### Problem to solve
Copy all lines holding the word "สำหร" from the entries.

### Records from a collection
****************************************

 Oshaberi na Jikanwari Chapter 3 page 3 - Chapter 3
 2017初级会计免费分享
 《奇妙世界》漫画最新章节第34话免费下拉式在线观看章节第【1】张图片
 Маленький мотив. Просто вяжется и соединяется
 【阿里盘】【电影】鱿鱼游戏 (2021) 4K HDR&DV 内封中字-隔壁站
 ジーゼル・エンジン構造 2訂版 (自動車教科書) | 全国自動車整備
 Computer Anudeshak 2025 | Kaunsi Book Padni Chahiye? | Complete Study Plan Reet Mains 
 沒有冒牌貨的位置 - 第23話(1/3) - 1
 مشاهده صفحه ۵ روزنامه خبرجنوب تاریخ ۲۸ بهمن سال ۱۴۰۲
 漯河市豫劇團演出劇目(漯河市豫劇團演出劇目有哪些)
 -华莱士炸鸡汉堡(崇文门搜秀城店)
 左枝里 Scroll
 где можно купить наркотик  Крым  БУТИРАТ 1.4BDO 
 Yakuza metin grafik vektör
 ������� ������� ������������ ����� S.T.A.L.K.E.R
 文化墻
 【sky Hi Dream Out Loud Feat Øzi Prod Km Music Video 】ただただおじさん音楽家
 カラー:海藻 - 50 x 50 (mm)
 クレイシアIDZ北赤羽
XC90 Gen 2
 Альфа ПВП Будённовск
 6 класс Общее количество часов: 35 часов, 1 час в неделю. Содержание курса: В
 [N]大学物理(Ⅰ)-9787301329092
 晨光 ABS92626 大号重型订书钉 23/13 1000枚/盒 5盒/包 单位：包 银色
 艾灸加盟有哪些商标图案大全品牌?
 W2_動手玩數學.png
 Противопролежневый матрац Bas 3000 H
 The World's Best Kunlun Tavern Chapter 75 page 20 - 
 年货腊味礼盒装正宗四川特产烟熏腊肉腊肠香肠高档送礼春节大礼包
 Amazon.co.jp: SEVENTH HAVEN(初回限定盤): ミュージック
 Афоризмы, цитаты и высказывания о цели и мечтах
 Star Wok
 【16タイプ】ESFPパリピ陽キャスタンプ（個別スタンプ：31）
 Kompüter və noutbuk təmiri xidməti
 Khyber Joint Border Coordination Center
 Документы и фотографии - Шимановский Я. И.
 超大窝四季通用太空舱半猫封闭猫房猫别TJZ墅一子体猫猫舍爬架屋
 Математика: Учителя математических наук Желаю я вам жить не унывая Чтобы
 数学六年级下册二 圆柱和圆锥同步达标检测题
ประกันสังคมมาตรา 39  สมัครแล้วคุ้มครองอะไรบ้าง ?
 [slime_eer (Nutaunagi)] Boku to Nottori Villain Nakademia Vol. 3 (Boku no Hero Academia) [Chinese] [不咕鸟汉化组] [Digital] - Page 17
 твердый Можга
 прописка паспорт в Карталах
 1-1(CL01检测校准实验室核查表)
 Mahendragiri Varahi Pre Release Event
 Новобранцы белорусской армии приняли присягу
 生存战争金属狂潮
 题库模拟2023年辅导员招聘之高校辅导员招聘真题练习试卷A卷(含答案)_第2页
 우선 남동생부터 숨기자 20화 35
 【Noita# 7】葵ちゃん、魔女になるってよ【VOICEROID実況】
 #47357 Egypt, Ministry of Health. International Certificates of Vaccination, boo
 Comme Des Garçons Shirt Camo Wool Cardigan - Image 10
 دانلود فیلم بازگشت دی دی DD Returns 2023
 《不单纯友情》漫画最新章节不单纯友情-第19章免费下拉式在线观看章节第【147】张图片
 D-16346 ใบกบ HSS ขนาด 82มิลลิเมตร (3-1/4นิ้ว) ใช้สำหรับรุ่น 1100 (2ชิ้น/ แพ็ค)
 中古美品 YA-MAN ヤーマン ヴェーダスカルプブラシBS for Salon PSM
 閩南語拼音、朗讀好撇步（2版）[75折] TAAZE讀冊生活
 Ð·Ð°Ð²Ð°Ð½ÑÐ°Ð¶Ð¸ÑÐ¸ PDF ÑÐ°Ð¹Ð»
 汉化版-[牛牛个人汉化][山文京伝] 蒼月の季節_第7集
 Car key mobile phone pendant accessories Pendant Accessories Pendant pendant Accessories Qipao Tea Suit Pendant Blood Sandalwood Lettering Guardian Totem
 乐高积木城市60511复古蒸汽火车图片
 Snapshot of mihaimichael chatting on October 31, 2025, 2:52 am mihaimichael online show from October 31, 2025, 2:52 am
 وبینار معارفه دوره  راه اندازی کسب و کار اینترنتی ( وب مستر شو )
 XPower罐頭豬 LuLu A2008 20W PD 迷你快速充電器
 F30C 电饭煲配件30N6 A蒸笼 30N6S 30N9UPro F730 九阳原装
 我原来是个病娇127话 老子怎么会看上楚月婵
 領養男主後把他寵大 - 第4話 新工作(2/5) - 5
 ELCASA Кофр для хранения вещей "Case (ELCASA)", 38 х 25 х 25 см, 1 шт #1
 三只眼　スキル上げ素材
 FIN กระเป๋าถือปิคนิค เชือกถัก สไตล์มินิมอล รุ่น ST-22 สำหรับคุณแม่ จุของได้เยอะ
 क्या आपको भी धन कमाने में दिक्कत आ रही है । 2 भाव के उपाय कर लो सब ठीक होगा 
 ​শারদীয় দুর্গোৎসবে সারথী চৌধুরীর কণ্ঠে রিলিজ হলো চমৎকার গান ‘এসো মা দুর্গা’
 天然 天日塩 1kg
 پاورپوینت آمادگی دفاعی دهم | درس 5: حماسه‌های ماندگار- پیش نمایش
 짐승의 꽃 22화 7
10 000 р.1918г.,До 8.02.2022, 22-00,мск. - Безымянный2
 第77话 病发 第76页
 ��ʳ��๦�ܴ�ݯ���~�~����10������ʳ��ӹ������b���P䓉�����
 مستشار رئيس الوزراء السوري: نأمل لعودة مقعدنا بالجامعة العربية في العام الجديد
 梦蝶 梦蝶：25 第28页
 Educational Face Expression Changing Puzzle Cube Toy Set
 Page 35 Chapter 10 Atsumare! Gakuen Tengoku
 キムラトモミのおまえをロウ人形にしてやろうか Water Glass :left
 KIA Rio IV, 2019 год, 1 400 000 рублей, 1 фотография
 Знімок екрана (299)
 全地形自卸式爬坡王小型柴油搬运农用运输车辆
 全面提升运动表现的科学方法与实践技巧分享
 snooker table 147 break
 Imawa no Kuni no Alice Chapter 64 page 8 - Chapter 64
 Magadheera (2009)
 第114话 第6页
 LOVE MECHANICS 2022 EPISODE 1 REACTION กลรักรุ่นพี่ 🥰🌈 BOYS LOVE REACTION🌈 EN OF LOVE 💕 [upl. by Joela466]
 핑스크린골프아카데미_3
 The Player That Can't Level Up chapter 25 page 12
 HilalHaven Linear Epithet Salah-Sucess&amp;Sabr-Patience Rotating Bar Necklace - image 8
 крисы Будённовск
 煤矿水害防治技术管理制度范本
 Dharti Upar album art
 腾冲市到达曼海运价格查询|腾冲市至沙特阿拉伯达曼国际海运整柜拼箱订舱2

****************************************

### Response area
 D-16346 ใบกบ HSS ขนาด 82มิลลิเมตร (3-1/4นิ้ว) ใช้สำหรับรุ่น 1100 (2ชิ้น/ แพ็ค)
 FIN กระเป๋าถือปิคนิค เชือกถัก สไตล์มินิมอล รุ่น ST-22 สำหรับคุณแม่ จุของได้เยอะ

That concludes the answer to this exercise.